What is required =
Output the exact lines that start at the one containing "Before Procedure (4)" and continue to the last line of the entries below; do not output pictures.

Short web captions
****************************************

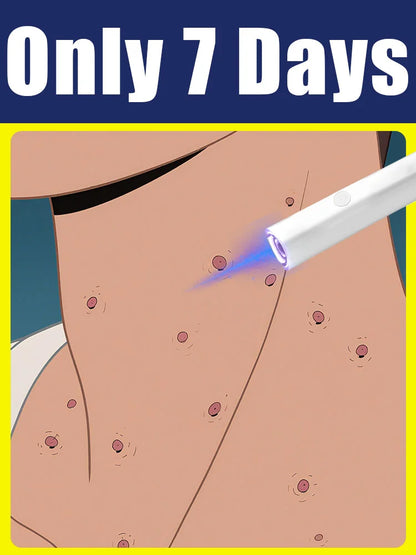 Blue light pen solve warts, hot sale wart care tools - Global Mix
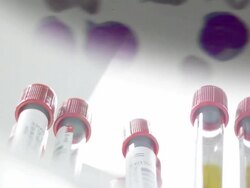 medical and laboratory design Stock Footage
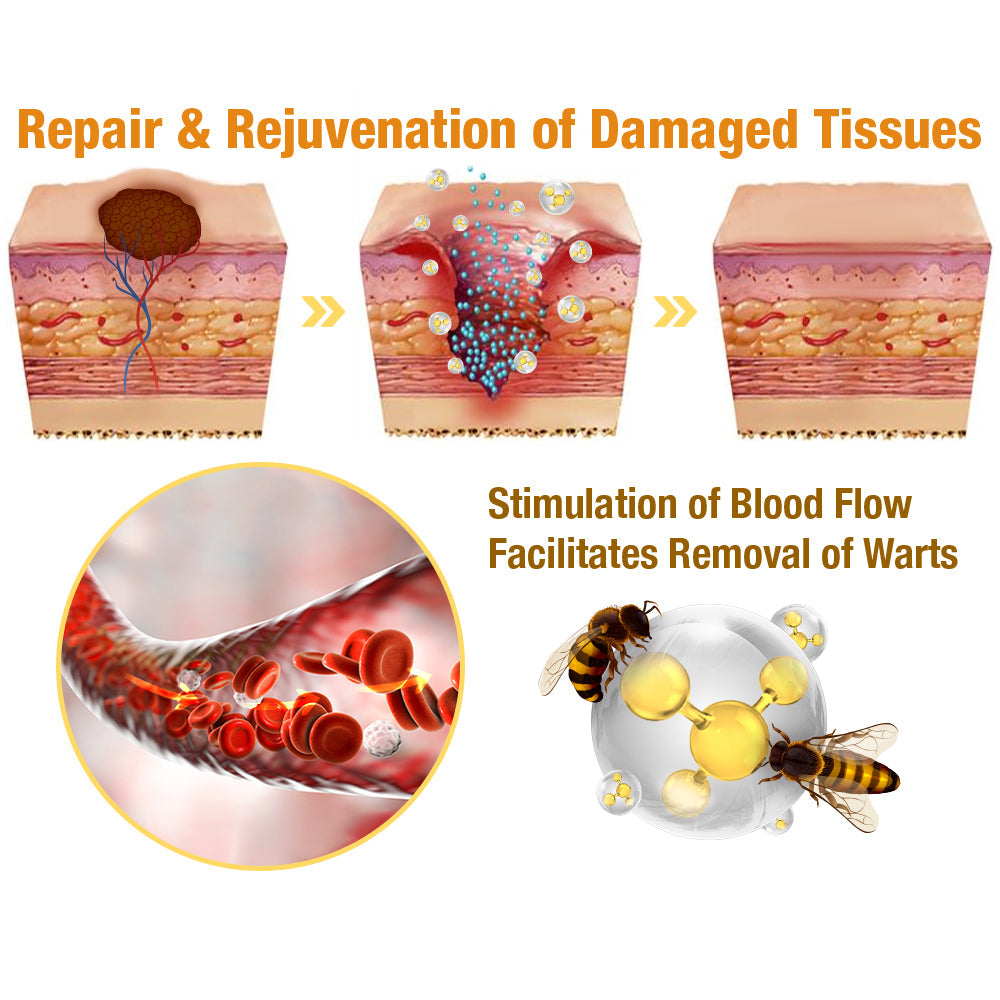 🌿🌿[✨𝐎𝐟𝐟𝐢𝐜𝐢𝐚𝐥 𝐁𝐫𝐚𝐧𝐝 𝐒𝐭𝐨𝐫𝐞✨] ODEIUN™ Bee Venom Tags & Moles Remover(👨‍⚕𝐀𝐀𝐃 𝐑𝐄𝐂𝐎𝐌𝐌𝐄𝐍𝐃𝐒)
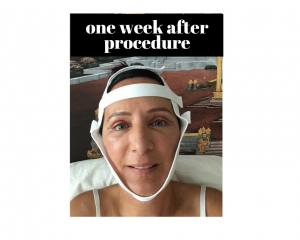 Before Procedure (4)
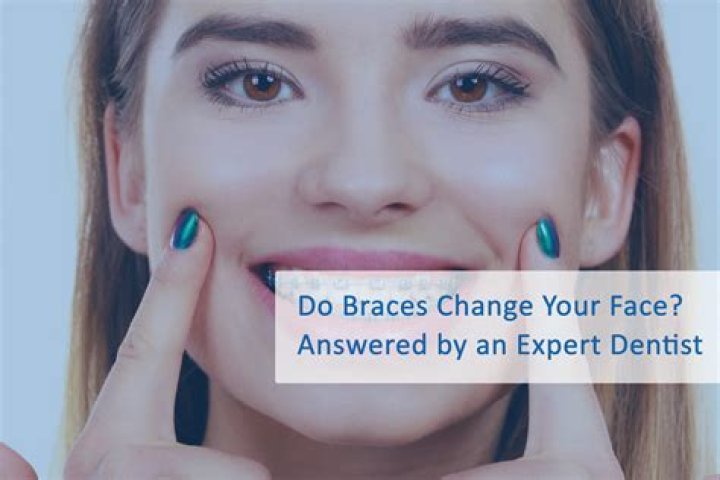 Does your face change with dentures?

****************************************

The answer =
 Before Procedure (4)
 Does your face change with dentures?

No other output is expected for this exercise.